Concluída essa fase, as crianças deram continuidade na confecção dos cartões-postais para enviar aos alunos de uma escola no município de São Leopoldo, no Rio Grande do Sul. Os cartões foram digitalizados e podem ser

acessados no apêndice A deste trabalho. Durante a confecção, as crianças comentavam os seus desenhos, falavam sobre as fases do cultivo, as fases da Lua, os números e as medidas de áreas, me perguntavam sobre a ortografia de algumas palavras, trocavam canetas coloridas e sugestões de desenhos. Durante os encontros anteriores, eu havia solicitado que as crianças fotografassem a localidade e, nesse dia, levei para a sala de aula, suas fotografias impressas.

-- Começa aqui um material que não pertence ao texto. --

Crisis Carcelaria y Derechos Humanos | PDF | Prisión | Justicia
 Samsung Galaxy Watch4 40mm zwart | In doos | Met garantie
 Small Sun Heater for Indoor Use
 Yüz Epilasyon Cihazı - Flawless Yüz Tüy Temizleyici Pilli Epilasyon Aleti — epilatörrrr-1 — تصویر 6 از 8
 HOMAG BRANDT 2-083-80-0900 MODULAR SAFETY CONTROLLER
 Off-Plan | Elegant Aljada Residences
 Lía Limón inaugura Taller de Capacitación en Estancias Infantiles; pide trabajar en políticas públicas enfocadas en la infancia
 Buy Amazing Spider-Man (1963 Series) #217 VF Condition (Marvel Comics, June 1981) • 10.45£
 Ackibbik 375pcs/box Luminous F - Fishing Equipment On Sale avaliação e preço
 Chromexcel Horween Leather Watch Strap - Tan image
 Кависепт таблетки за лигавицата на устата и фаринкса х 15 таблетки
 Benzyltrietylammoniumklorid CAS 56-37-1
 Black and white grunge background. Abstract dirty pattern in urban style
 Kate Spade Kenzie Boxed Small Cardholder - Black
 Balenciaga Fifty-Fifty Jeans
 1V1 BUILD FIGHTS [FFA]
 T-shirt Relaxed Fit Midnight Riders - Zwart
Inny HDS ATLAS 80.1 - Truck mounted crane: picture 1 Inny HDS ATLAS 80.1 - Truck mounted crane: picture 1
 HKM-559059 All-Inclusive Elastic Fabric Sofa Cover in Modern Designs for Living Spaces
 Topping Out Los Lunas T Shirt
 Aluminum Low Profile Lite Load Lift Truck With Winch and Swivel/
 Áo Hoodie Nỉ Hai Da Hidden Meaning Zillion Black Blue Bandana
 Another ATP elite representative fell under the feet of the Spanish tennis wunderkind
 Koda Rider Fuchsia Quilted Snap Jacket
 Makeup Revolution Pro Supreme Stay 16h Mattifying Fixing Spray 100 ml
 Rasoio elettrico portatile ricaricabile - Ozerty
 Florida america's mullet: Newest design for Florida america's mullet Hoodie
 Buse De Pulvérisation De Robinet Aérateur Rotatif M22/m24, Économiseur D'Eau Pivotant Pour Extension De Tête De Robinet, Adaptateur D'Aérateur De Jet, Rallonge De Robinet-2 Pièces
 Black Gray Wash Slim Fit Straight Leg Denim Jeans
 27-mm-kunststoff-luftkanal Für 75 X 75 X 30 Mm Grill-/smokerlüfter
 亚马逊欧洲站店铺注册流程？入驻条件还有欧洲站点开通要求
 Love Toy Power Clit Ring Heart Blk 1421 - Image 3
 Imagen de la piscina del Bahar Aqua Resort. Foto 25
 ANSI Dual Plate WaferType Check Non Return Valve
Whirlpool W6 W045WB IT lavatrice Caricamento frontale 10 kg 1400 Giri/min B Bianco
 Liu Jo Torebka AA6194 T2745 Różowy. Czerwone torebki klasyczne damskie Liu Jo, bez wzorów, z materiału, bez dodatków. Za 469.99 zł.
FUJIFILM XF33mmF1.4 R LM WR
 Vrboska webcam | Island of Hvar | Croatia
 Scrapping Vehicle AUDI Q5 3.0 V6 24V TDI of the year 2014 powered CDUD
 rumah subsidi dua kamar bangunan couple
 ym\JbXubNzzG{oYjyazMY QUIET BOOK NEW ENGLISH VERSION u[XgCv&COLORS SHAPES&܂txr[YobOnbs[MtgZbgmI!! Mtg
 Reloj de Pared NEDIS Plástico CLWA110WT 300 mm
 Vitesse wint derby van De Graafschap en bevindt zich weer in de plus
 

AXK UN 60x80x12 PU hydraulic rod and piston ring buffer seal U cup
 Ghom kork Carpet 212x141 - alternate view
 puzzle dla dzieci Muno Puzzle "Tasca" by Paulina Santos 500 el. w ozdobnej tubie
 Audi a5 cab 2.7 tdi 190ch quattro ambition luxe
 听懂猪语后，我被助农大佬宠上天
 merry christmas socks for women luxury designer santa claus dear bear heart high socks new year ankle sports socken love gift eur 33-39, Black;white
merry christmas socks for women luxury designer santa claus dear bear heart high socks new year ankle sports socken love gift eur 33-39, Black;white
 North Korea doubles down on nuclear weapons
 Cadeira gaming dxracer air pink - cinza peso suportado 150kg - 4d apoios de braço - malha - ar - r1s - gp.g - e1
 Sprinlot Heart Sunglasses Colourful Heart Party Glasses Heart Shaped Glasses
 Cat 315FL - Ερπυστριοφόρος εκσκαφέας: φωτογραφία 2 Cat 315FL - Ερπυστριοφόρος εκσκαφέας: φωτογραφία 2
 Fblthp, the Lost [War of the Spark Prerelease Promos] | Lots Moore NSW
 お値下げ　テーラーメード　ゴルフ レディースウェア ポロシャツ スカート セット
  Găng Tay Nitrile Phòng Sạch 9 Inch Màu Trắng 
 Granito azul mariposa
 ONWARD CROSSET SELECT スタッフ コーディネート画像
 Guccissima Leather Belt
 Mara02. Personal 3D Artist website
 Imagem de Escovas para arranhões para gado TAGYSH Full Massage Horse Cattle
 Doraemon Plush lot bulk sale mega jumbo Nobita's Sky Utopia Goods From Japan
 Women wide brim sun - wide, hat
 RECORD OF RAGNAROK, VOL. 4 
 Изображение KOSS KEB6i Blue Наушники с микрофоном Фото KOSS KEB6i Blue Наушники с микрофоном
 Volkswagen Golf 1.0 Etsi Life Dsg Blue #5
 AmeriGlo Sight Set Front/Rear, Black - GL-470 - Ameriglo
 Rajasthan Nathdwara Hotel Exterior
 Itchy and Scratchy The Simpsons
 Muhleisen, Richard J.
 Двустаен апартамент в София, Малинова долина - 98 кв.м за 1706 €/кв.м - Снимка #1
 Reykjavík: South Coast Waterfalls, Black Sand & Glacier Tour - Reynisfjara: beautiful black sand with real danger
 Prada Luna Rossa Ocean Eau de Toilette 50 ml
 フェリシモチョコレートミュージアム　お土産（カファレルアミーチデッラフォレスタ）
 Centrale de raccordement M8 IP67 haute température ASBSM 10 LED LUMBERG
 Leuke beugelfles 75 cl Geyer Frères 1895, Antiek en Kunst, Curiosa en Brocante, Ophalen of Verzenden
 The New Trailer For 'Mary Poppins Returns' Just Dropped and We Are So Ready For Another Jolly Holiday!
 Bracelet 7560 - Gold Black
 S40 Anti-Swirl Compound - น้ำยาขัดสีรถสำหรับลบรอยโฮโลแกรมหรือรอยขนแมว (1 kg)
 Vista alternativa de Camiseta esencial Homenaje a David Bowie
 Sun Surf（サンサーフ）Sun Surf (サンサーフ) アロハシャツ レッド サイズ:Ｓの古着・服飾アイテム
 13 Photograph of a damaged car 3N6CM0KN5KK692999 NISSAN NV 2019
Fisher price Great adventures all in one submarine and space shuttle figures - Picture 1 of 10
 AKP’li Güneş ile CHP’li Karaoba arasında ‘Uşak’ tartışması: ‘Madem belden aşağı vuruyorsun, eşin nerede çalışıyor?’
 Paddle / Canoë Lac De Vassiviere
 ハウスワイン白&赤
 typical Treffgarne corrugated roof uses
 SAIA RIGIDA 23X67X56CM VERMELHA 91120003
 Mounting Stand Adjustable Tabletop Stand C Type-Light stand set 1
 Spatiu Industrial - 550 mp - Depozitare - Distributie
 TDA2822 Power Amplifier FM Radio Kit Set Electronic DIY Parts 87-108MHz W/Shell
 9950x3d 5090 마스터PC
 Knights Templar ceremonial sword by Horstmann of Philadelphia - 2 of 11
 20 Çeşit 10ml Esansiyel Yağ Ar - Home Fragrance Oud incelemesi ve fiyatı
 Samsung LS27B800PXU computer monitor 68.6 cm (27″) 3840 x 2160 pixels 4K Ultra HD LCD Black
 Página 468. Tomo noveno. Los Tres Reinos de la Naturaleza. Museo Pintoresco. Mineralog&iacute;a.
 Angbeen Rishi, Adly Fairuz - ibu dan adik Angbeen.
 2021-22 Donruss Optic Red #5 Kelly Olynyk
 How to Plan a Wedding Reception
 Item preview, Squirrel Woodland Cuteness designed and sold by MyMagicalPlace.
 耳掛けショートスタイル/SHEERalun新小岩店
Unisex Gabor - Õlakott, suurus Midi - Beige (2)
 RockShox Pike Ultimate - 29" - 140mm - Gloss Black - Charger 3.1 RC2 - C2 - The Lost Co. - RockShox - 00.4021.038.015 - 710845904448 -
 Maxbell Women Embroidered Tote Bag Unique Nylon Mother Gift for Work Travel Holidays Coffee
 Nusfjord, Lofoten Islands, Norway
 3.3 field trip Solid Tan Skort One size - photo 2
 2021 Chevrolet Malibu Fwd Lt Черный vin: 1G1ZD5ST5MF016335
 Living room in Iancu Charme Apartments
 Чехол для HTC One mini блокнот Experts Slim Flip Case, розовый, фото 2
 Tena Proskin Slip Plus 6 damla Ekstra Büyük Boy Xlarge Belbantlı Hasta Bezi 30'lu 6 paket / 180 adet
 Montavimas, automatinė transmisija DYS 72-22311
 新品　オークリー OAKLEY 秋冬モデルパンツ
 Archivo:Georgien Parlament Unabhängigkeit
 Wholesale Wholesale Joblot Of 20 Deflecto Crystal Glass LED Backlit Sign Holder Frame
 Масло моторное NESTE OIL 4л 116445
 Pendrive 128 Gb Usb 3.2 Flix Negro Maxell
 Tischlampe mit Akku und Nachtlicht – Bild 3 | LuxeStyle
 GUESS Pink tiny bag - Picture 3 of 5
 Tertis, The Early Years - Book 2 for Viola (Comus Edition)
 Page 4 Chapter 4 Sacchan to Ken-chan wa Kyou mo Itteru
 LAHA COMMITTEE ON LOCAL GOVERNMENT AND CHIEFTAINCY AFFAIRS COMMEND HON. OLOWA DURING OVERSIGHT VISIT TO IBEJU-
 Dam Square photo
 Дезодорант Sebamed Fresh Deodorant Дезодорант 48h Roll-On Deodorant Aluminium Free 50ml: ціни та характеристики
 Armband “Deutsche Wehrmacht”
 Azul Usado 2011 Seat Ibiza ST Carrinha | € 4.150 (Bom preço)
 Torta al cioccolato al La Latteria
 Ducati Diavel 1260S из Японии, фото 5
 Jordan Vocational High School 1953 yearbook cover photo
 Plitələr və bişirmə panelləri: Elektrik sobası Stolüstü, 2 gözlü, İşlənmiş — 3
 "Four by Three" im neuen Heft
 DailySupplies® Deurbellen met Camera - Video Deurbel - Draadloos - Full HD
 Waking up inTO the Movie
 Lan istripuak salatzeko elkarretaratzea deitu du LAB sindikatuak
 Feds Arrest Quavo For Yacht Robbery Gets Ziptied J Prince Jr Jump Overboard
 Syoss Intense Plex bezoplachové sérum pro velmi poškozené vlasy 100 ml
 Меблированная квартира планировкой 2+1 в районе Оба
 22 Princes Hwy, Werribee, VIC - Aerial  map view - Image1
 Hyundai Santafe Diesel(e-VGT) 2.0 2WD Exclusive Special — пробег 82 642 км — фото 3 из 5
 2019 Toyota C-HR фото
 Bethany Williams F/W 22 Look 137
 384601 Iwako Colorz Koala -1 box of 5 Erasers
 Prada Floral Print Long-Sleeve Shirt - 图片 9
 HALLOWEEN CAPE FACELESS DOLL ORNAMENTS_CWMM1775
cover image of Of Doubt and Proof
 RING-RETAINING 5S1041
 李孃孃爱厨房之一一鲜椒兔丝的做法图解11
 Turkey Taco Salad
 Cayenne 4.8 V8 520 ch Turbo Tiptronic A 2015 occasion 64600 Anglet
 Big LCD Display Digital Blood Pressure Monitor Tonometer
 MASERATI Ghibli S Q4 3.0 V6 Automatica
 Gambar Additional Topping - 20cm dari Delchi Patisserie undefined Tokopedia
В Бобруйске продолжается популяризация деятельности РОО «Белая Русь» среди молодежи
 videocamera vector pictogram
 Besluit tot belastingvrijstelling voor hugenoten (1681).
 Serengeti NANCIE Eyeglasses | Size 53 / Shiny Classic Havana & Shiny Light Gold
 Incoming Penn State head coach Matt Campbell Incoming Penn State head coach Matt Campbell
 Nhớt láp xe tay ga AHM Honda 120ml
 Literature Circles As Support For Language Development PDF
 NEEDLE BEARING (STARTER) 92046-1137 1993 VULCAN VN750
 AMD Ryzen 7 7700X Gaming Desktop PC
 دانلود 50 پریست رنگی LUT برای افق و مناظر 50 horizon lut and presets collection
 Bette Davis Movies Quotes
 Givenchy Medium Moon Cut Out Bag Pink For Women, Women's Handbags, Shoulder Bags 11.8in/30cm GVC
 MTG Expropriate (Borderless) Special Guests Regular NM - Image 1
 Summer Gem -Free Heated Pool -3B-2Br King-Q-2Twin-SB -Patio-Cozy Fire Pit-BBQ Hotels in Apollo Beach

A hora da merenda chegou com o cheiro vindo da cozinha: bolinhos de polvilho recém feitos pela senhora que cuida da merenda. Depois do recreio, combinamos de fazer um piquenique de encerramento para o próximo encontro. Cada um dos estudantes sugeriu um alimento e B. sugeriu que fosse um piquenique com alimentos feitos de milho. Ao término da pintura dos cartões- postais, os estudantes elaboraram um roteiro para um vídeo sobre o que tinham aprendido.

A ideia de se fazer um vídeo surgiu durante este encontro, enquanto as crianças pintavam os desenhos dos cartões-postais, e eu pensei que a turma precisaria de, pelo menos, mais uma tarde, já que já passava das dezesseis horas. Entretanto, me enganei, porque antes das dezessete horas, tínhamos material suficiente e de qualidade para o “Jornal Agricultural”, nome dado pelas crianças ao seu trabalho. As crianças desempenharam as tarefas muito rapidamente e trabalhar em grupo era tão natural que os pequenos problemas eram imediatamente resolvidos coletivamente, sem imposições nem grandes discussões. Com um programa22 simples de edição, sem grande domínio de tais

técnicas, compus, já em casa, a sequência do Jornal Agricultural, que foi exibido no encontro seguinte para os alunos das outras turmas.